Perhaps I was a bit harsh Graeme. I certainly wasn't suggesting people should stop posting pics. Your pics are always lovely and I enjoy seeing them, as I'm sure many others do. 
Maybe it's just me being touchy but it seems like people are constantly harrassing for something - pointless, irrelevent questions pertaining to venomous snakes, help and advice for a friend's uncle's neighbour's dog, pics etc. There are plenty of great pics posted in this section, often by you, without the need for coercion or nagging. Like I said, it could just be me but I always think "here we go" every time I read a request that starts "I don't keep venomous snakes and never will, but....."


----------



## reptile rich (Sep 23, 2009)

RIGHT ! everyone i was only asking for a pictures section not for your : Name, Address, Postcode, Spair Key, Combination codes, What time your Dogs get locked up to be posted. anyone who nows that stuff and where you live will steal them anyway if they are going to, pictures dont give away that information and you dont have to post pics if you feel that strongly about the matter.
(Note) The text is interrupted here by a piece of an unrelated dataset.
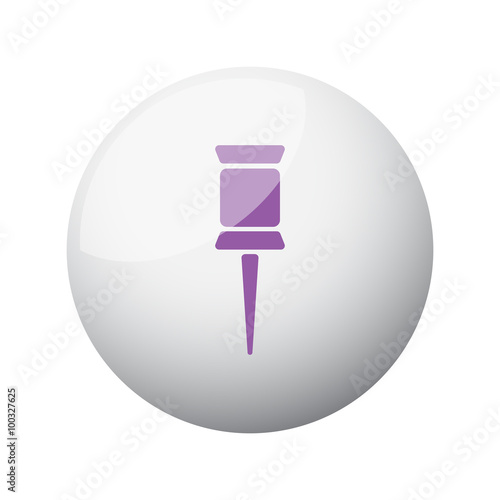 Flat purple Pushpin icon on 3d sphere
i just wanted a pictures section


----------



## Meko (Apr 29, 2007)

reptile rich said:


> hi all, i dont keep dwa species (might one day) but i like comming on and looking at the pics now and then as there are some stunning animals on here.
> 
> anyway my rant is that there isnt a dwa pictures section unlike the rest of the sections. i have to go through all the posts to find the pics if there is a mod about could you please make a pictures section.
> 
> many thanks rich





slippery42 said:


> Without doubt there should be a specialist section for photos.
> 
> 
> 
> Come on Mods get it sorted.


if you want a picture section you need to ask in the right place.

This section - DWA help and advice
the right section - Forum help and suggestions at the bottom of the main page.






reptile rich said:


> the over 18s off topic chat never has posts in it and its still up


maybe if you applied for access to it you'd be able to see the 12,700+ posts that are in there  it's always busy but because you need to subscribe to it (from your UserCP if you've got over 100 posts, been here over a month and are over 18 ); otherwise it looks like it's empty.


----------



## slippery42 (Mar 23, 2008)

terciopelo_dave said:


> Like I said, it could just be me but I always think "here we go" every time I read a request that starts "I don't keep venomous snakes and never will, but....."
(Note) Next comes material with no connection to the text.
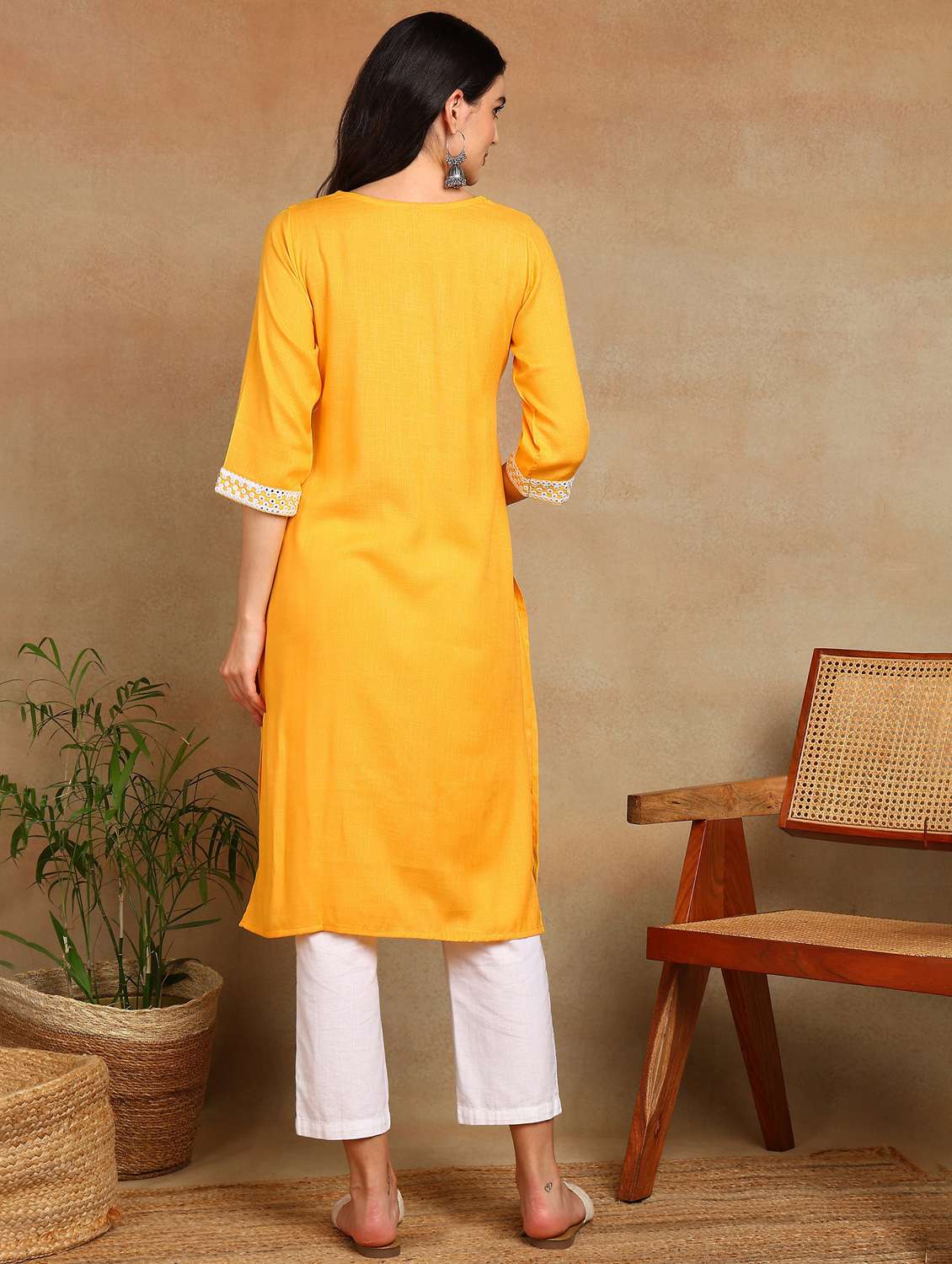 women solid with work three quarter sleeve a-line kurta - 22141623 -  Standard Image - 3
I'm with you on where your going.

I'd given up on this forum for a while but am keen on trying in my own way to put some reasonable posts in the section.

The problem will unfortunately always bee that of dreamers and fools.

It will be worthwhile if a decent number of keepers persist in posting decent articles.


----------



## reptile rich (Sep 23, 2009)

Meko said:


> if you want a picture section you need to ask in the right place.
> 
> This section - DWA help and advice
> the right section - Forum help and suggestions at the bottom of the main page.



thank you ill go do that :2thumb:


----------